LJ: The pig itself is an artist?

ZH: Exactly. In that experience, that process he was an artist. He was me! [Laughing]. That persistence and forbearance...he had no choice. The artist takes his own initiative, this pig was passive. This really moved me and I started to become very interested in pigs. I think they are very human. Zhu Gangqiang survived on rainwater and damp wood. His owner returned home only after his wife had passed away. He saw that there was nothing left to salvage; then he heard Zhu Gangqiang’s oink and looked in the crack to see the pig alive.

LJ: He’s like you in your early years.

ZH: Like me in my early years in Beijing’s East Village. I thought it was great. I thought, "It’s me!" Later, a pig named Zhu Chaoqiang appeared online. It had lived for 80 days. But people rarely mention this pig. The most famous pig online is Zhu Jianqiang, then Zhu Gangqiang. Did you see online the letter that Zhu Jianqiang wrote to Zhu Gangqiang? It’s pretty cool. He expresses doubt about whether Zhu Gangqiang is real or fake.

LJ: Right, because Zhu Gangqiang’s 49 days stole the spotlight from Zhu Jianqiang’s 36.

ZH: Zhu Jianqiang was saved by an officer in the military.

LJ: For this show, I’ve heard that you found a girlfriend for Zhu Ganggiang in England named "Oxford Flower" and that they have a child born out-of-wedlock.

ZH: Right. Here is the photo of Oxford Flower. She is an Oxford Sandy and Black Pig. They asked me what kind of pig I wanted and I told them to send me pictures and names of all species of pigs available in England and I selected this one. The gallery will design and decorate a luxurious, Victorian-style queen’s bedroom for the English girlfriend on the ground floor. Their love child will be there as well. And there will be a screen, just like a window, projecting Zhu Gangqiang in his everyday life. They will be having a conversation across cyberspace.

LJ: And this will be showing the life of Zhu Gangqiang at your studio?

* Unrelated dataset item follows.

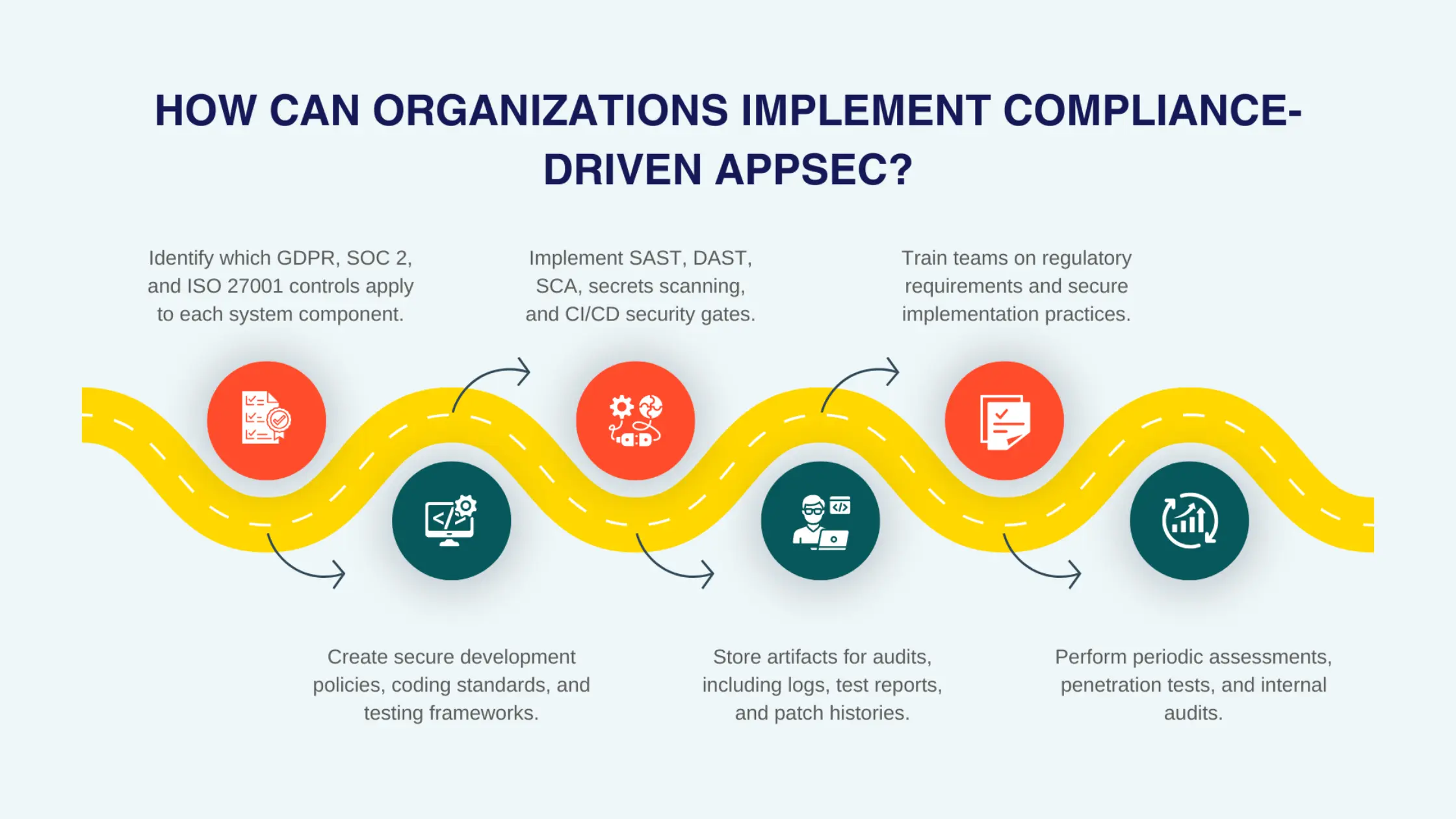 Implementing Compliance-driven AppSec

ZH: Right. We will use a real time probe camera. During the exhibition in London, you will be able to see what Zhu Gangqiang is up to here in Shanghai. There will be a time difference - it will be a little late in Shanghai during the exhibition time in London so we will have lights, you will get to see him dreaming or being fed, talking to his neighbour...

LJ: Neighbour?

ZH: We have a Tibetan mastiff named Heifeng. The ground floor of the exhibition space will house Zhu Gangqiang’s girlfriend and their love child, it will also display the video. As soon as you enter the gallery, there will be a written introduction about the background of Zhu Gangqiang and nearby there will be a small television showing a six-minute film documenting Zhu Gangqiang’s move from his old home in Sichuan to Shanghai. In the lower gallery the motif will be "Life and Rebirth". I will also exhibit ash paintings: skulls and the image of Zhu Gangqiang.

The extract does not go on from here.